江田浩司著『律(りつ)ーその径(みち)に』(思潮社)、本扉には、著者と岡井隆のツーショット(未来新年会・1993年1月7日)と献辞「本書をわが師岡井隆の御霊に捧げる。」がある。内容は、詩篇、歌篇はもとより、句も鏤められているが、それは,果して句なのか、歌なのか、あるいは連句風に仕立てられた詩篇となるのか、愚生には見当がついていない。もちろん、それらは、一首としても一句としても読めるし、数行の詩としても読めるという眩暈に満ちている。最後の5章は、献辞にもあるように、文字通り「〈あゆみ寄る余地〉眼前にみえながら蒼白の馬そこに充ち来(こ)よ 岡井隆『朝狩』」を据えて、「О氏に」と付されて、10首が並ぶ。その冒頭三首は、
それ以後の三十四年うたはあり髭の歌人に逢ひて青夜(せいや)へ
さまよへる詩(うた)のゆくへをたづねたり遅れて来たる蜻蛉(せいれい)として
『朝狩』の扉をひらき幸福が、いや人生があけたと思ふ
である。そして、集名ともなった「律ーその径(みち)に」は第4章であるが、そこから「径」にからむ歌をいくつか引用しよう。

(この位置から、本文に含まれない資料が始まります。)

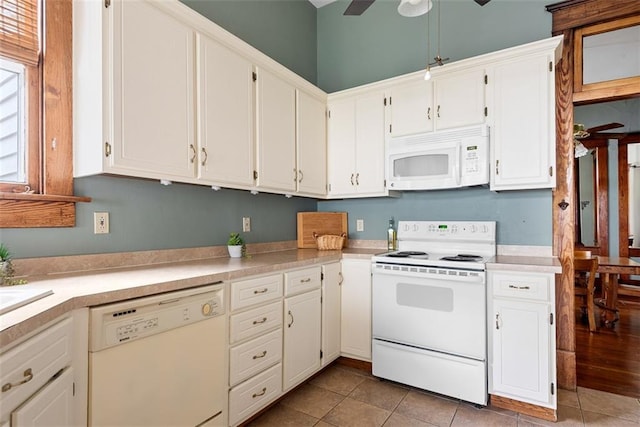 901 S 3rd St, Leavenworth, KS 66048 - kitchen featuring white appliances, light countertops, and white cabinets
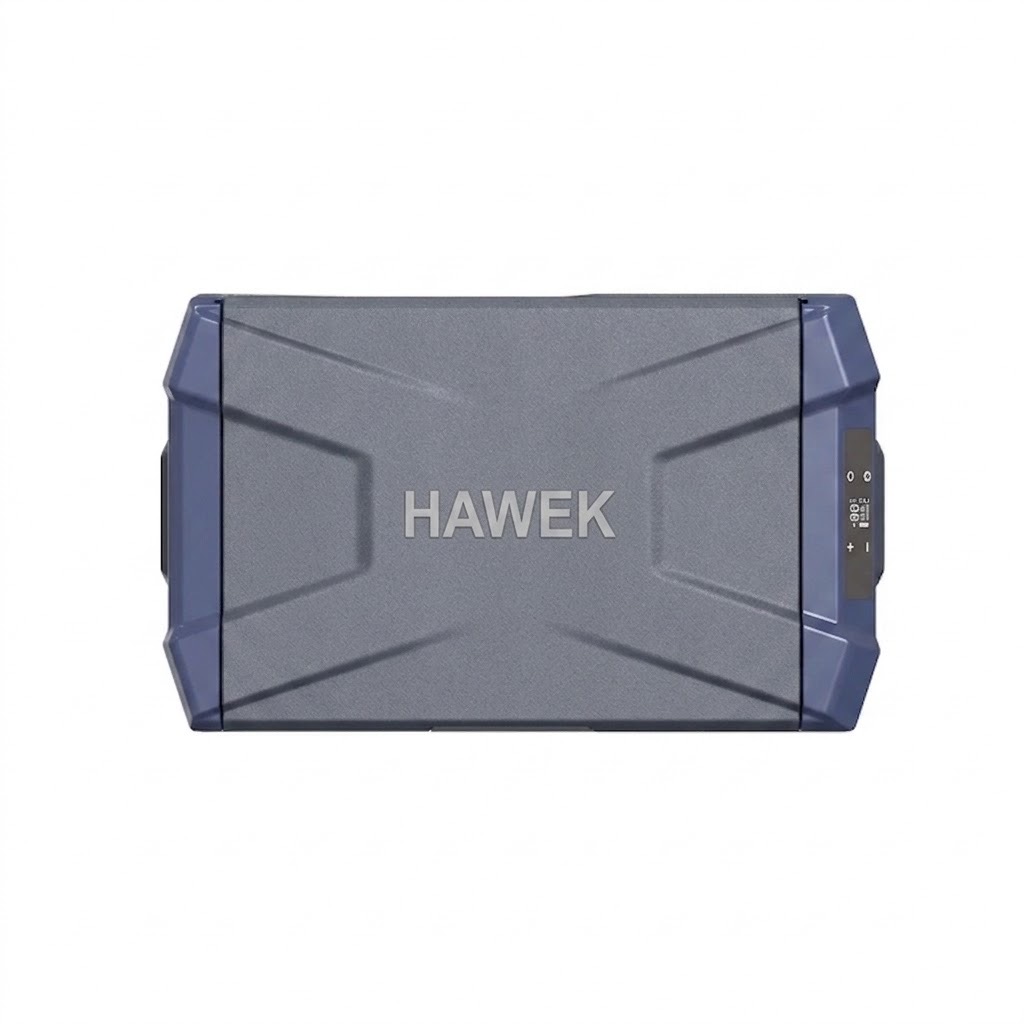 Преносим хладилник HAWEK 50L | 12V/24V/220V, компресор ДОМ И ГРАДИНА Компресорна хладилна кутия с LED дисплей и здрав корпус, поставена в каравана.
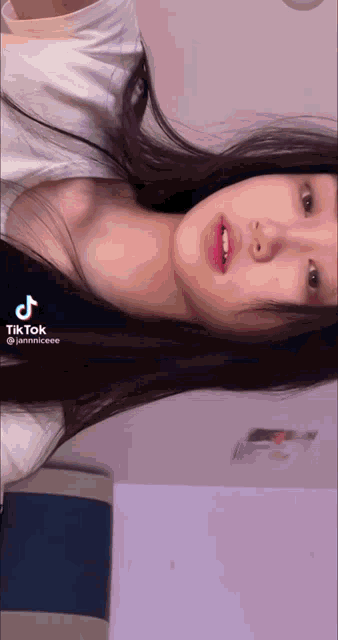 a tik tok video of a woman with long hair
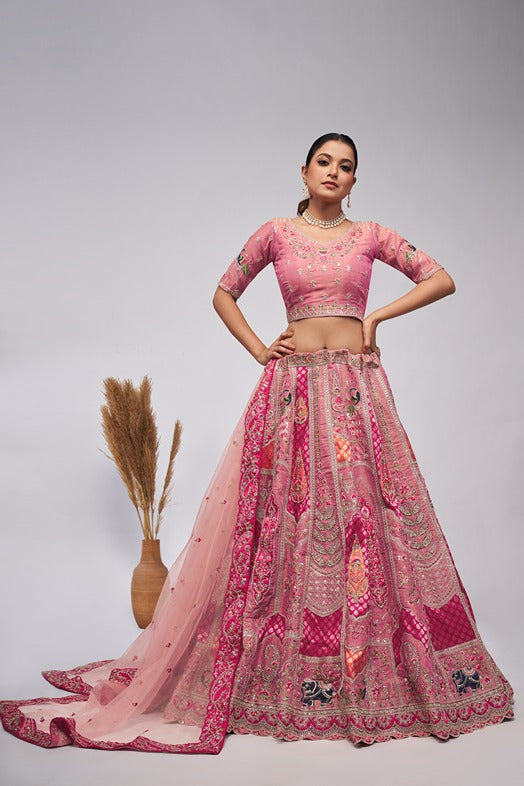 Pretty Pink Silk intricate paisley Motifs traditional embroidered  wedding Lehenga.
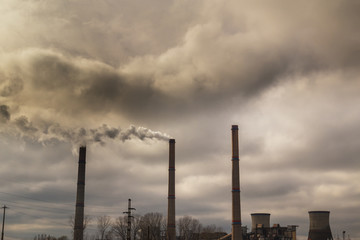 Air pollution from coal-powered plant smoke stacks, and industrial cityscape, on a gloomy, overcast day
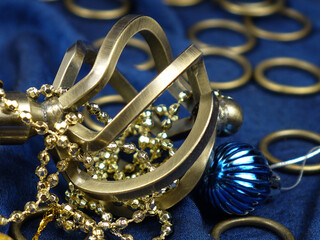 Accessories for brass twisted curtain rod  lie on a blue satin curtain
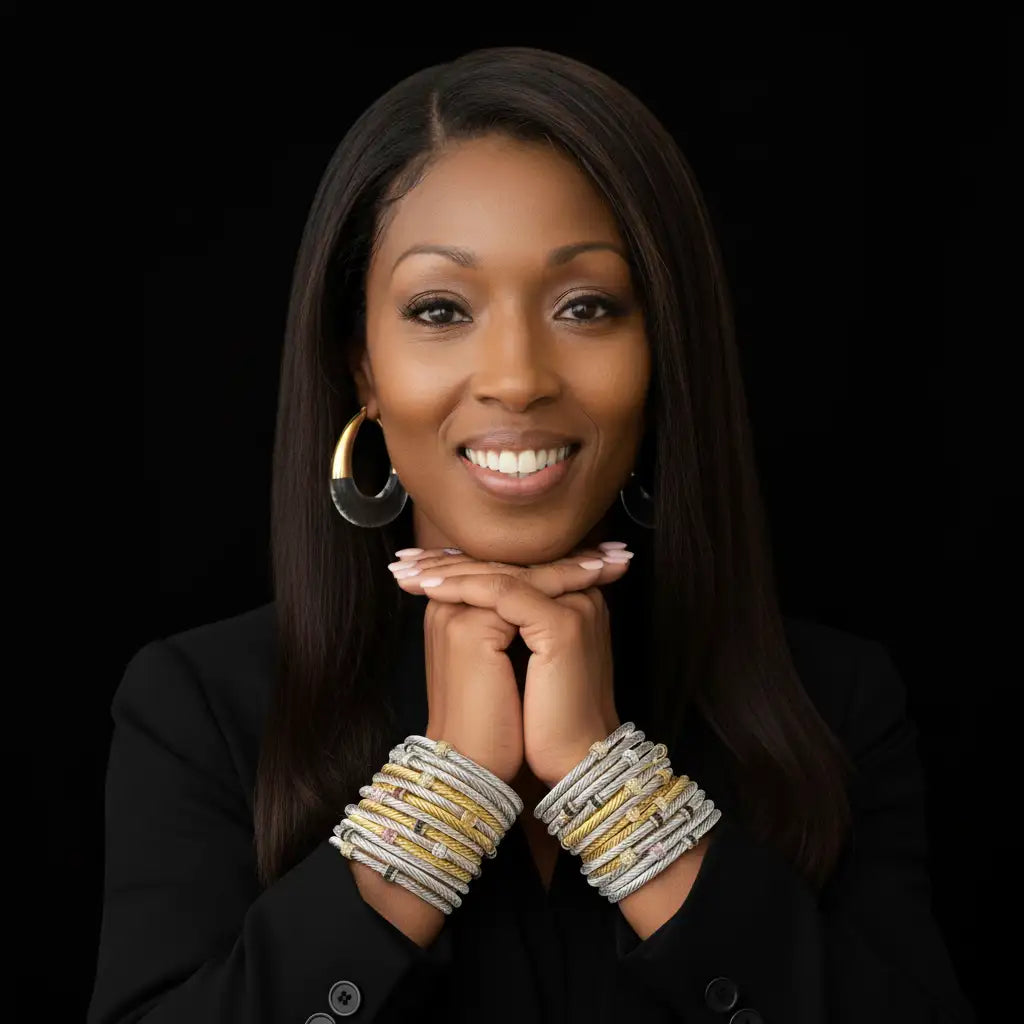 Stacked silver and gold-toned braided cuff bracelets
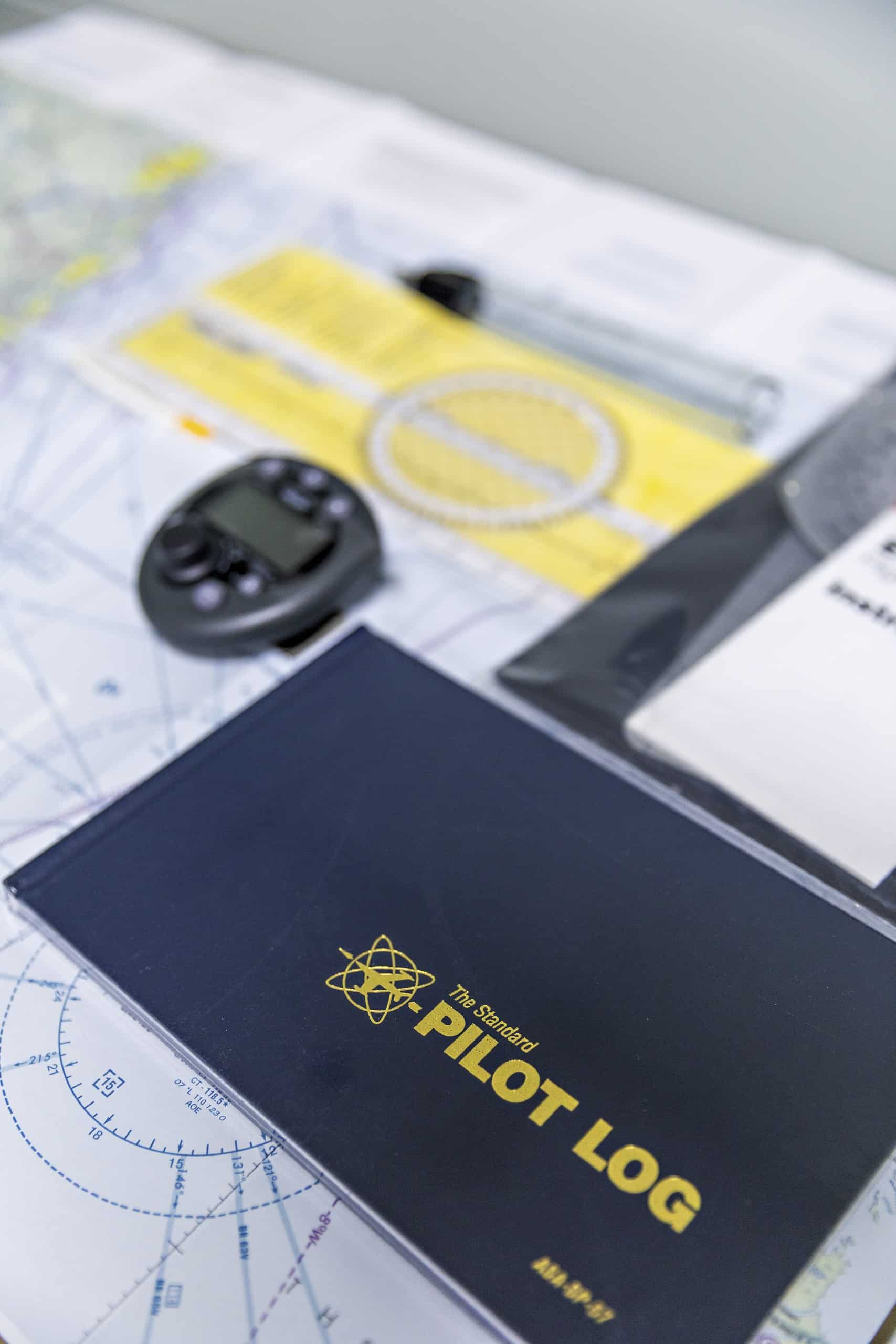 Pilot logbook and instruments on navigation map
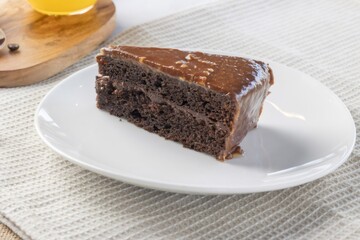 Chocolate cake slice with caramel icing on plate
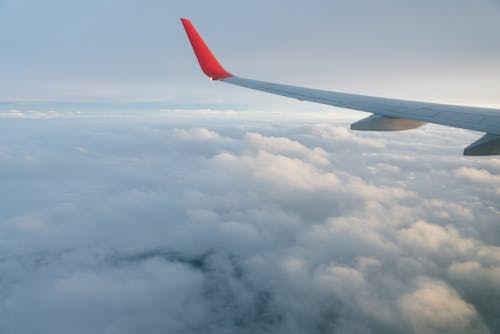 Through window of red and white wing of aircraft flying over fluffy clouds in endless blue sky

この空にはほそき径(みち)ありいまだなほ読みあぐねたりトリン・T・ミンハ
はくめいにひかりを孕みこしゆゑに思惟なす径(みち)をしめすうた人
さまよへる径(みち)にしるせることの葉のつばさあるべし夢にとぶべく
ひさかたのひかりの径はきえのこりきぬぎぬの書にさめし歌くづ
その道はやさしさだけがゆくだらう人のこころをしるひとの手に
ちひさなる詩へんのしらべそのなかにわたしを終はるそらのみちあり
そして、「律」、
うつくしい律(りつ)がわらつたうすさむい風のながるることの葉のうら
最後に、第2章の「聖ニキ・ド・サンファルに捧ぐ壱〇壱の詩(うた)」から、連句風に配された詩句(歌の前書風にも見えるが)を、まったくつながりを無視してアトランダムに以下に記しておきたい。
ライフルを構へるニキや冬の星
弾丸は空を趨りてその痕(あと)を追ふ音や澄み明けをわたらむ
人語なく影のみ水に落ちにけり
風花はひかりの華となりて舞ふ寒林の影縦横に落ち
ニキへの手紙 冬の燕に託したき
東方の女神に宛てて書く手紙 あなたは抱きぬ過去一切を
木枯らしに蝶の羽音を聞きわける
冬の蝶うすき光の谿を飛ぶ詩(うた)のゆkへに翼をうちて
天狼やうすき血のぼる旅をして
冬の星ながるることを夢に見むこの旅をしも二キの手の痕(あと)
江田浩司(えだ・こうじ) 1959年、岡山県生まれ。